Your goal = Which lines of the records below contain the word "with"? Show each one.

Supplied material =
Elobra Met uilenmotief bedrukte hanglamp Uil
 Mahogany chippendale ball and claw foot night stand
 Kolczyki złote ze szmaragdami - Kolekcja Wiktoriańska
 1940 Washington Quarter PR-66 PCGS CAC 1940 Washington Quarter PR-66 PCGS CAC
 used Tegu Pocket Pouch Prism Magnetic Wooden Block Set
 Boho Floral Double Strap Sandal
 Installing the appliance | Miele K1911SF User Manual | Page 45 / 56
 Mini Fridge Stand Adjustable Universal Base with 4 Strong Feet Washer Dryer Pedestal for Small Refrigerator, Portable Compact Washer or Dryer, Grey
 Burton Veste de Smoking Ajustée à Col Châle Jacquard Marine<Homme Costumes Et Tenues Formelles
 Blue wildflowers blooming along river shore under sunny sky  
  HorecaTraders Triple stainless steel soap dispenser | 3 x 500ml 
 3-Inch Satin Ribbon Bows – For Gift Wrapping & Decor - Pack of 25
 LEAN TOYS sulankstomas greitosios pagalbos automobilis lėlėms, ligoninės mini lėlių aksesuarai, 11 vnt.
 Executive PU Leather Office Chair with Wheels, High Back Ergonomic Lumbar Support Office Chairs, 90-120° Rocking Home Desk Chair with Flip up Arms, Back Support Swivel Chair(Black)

Answer box =
 Mini Fridge Stand Adjustable Universal Base with 4 Strong Feet Washer Dryer Pedestal for Small Refrigerator, Portable Compact Washer or Dryer, Grey
 Executive PU Leather Office Chair with Wheels, High Back Ergonomic Lumbar Support Office Chairs, 90-120° Rocking Home Desk Chair with Flip up Arms, Back Support Swivel Chair(Black)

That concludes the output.